Saat hati bersih, dia akan mampu memimpin indera-indera yang lain termasuk akal. Saat hati kotor, kepemimpinan itu akan diambil alih oleh nafsu yang dibisiki oleh syaithon yang ada di sekitar hati, entah itu setan dari golongan jin maupun manusia. Nah, bagaimana cara membersihkan hati ini sebelum memulai sebuah proses pembelajaran? 

Permasalahan yang terjadi adalah hati yang dimaksud di sini bukanlah hati yang berbentuk fisik yang ada dalam diri kita yang bisa ditranspalasi, tetapi hati yang menjadi bagian dari ruh, hati yang ada dalam jiwa.

Yang saya fahami dari penjelasan Prof.
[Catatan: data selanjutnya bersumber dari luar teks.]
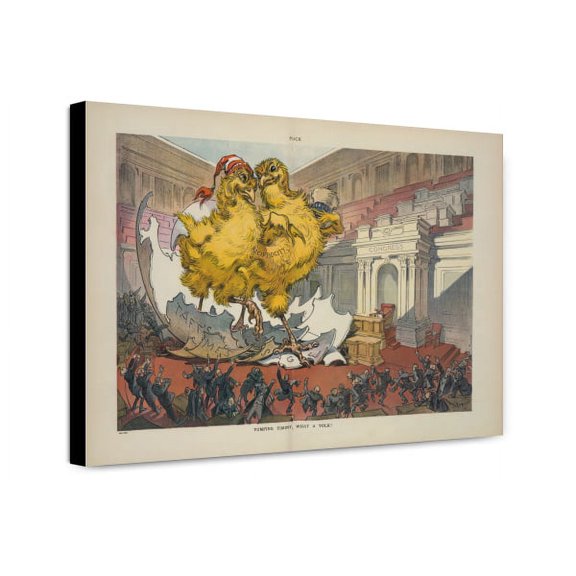 Canvas Print: Yuming Yiminy, What A Yolk!, 1911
Suprayogo dan ditambah dengan pemahaman saya dari Dr. Miftah (bisa jadi pemahaman saya salah), bahwa cara untuk membersihkan hati adalah apa yang sudah diajarkan oleh Islam itu. Makna tersirat dari rukun Islam. Syahadat yang kita baca, secara substansi sebenarnya mengajarkan kepada kita bagaimana caranya untuk menghamba secara murni kepada Tuhan Yang Maha Esa, bukan kepada yang lain. Mengajarkan cinta secara tulus kepada Rasulullah, Nabi Muhammad sebagai perantara antara makhluk dan Tuhan dan teladan itu sangat nyata dalam diri Beliau.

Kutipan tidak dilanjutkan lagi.